Subject: 19th Century Antique Cartography. North America.
Publication: Madrid, 1801.
Technique: Copperplate engraving, boundary lines colored with watercolor from the period.
Measurements: 38 x 41 cm (plate) 38.5 x 50 cm (paper)
Description: Meridian of origin: Hierro. - Graded margins. - Meridians and parallels drawn forming a grid. - Relief by profile mountains. - Hydrographic network. - Toponymy. - Political division differentiated by color line. - Coast marked with fine hatching.
López, Juan. Madrid, 13.I.1765 – 16.XII.1825. Royal geographer, cartographer, map editor and engraver, archivist of the Geographical Cabinet.
Juan López was baptized in the church of Santa Cruz in Madrid.
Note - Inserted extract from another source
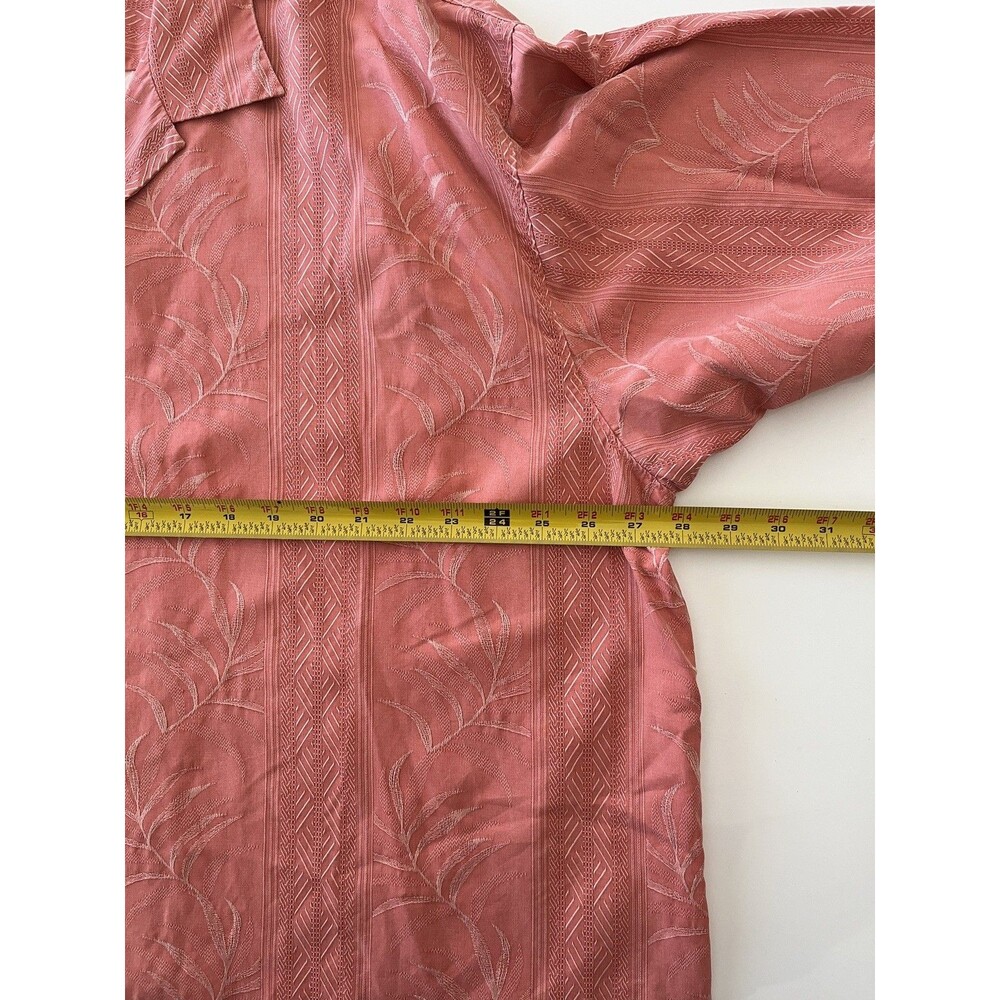 Tommy Bahama Hawaiian 100% Silk Button Up Short Sleeve Floral Beach Resort 2XL - Picture 6 of 7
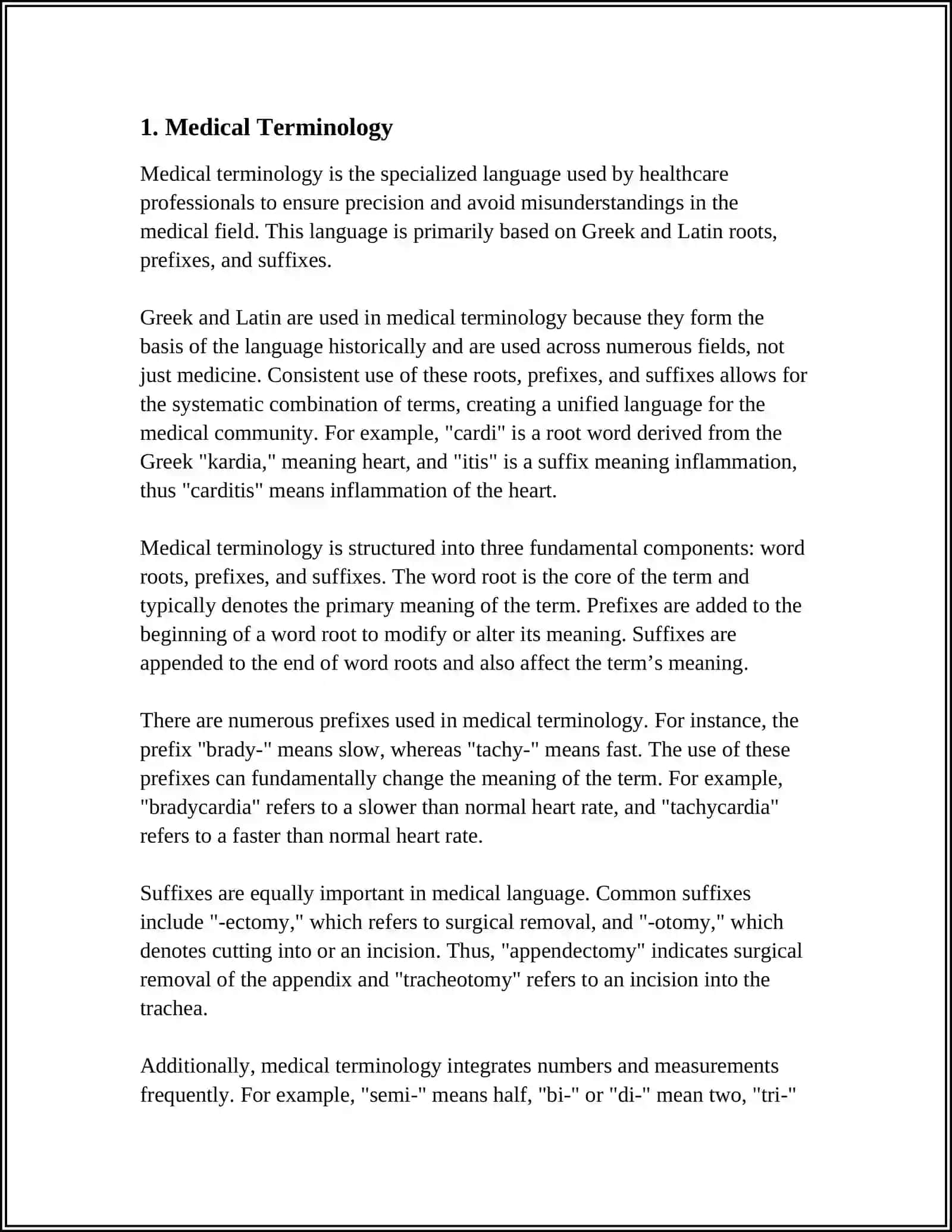 MEDICINE LANGUAGE 3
He was the son of Tomás López de Vargas y Machuca and María Luisa Gosseaumé y Doré, and the elder brother of Tomás Mauricio. Both brothers, especially Juan, were educated to continue their father's cartographic work. Juan studied Grammar and Geography, and obtained a royal pension to train in Humanities and in Greek, English, French, and Italian languages. For two years he studied Mathematics with Antonio Rosell at San Isidro el Real, and the Monarch ordered him to apprentice with his father "in the geographical career." In 1780 he published his first cartographic works and signed as "pensioner of His Majesty." The following year he began to appear as an author alongside his father on some maps, and he joined the Royal Sevillian Academy of Belles Lettres as an honorary academician (October 26, 1781). By letter from the Marquis of Narros, secretary of the Royal Basque Society of Friends of the Country to his father (around 1784), in which he thanks him for the gift of his son's map of the island of Santo Domingo, it is known that he would be admitted as a member of that Society, in the professor class. In 1785 he joined the Royal Society of Friends of the Country of Asturias. From that year on, he and his father announced their works in printed catalogs, which were sometimes included at the end of their books: Catalog of the geographical works and maps made by Don Thomás López, Geographer of the domains of H.M. and by D. Juan his son, Pensioner of the King.